▶ **Study material**
====

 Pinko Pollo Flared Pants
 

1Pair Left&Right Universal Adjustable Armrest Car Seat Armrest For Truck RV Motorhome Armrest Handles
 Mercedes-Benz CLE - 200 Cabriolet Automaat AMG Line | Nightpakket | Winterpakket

====

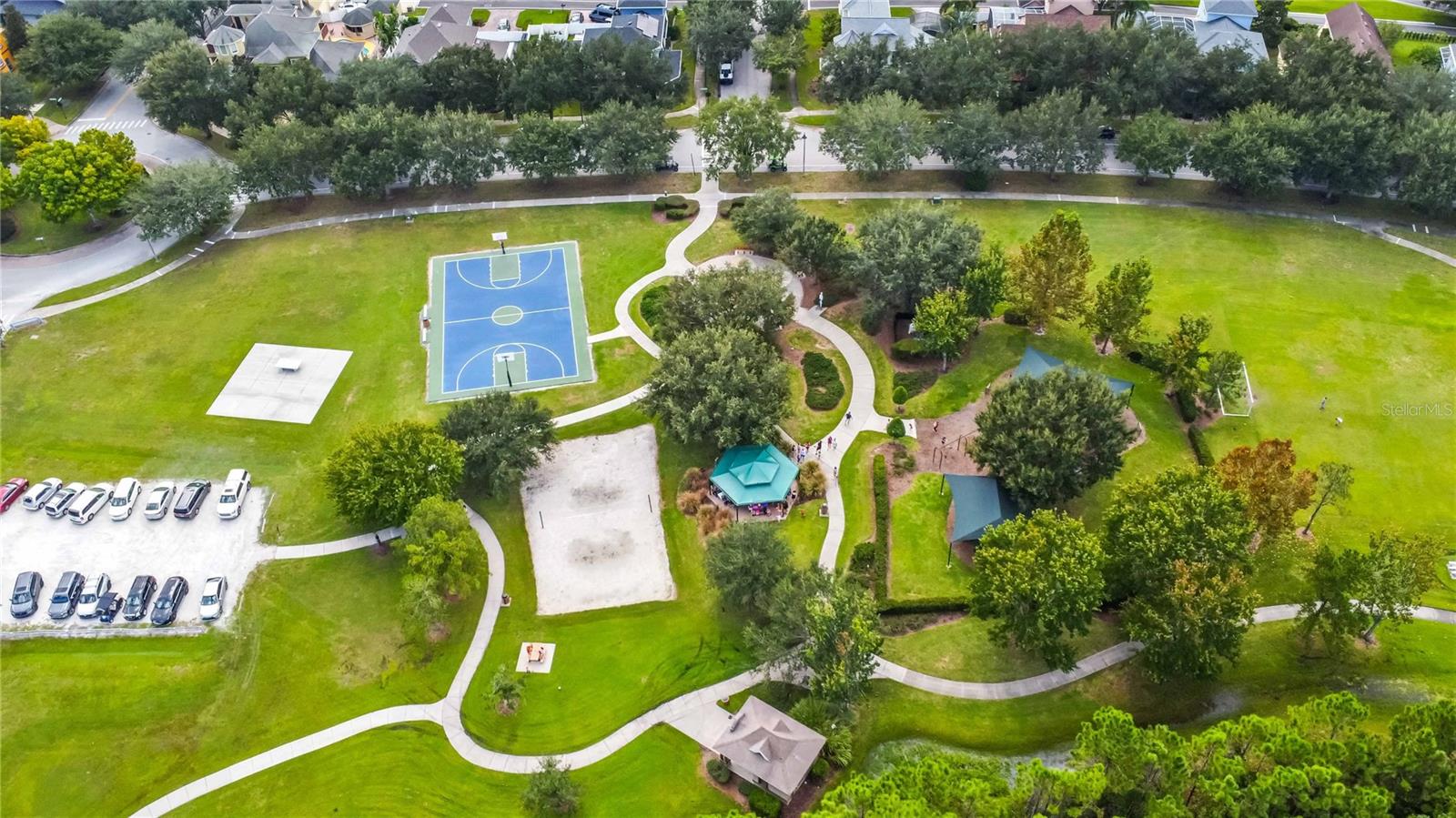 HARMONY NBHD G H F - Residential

====

▶ **Task goal**
Extract from the records above the lines from the one containing "1Pair Left&Right Universal" to the one containing "Mercedes-Benz CLE - 200", both lines included, exactly as they appear and with nothing else.

▶ **Written answer**
1Pair Left&Right Universal Adjustable Armrest Car Seat Armrest For Truck RV Motorhome Armrest Handles
 Mercedes-Benz CLE - 200 Cabriolet Automaat AMG Line | Nightpakket | Winterpakket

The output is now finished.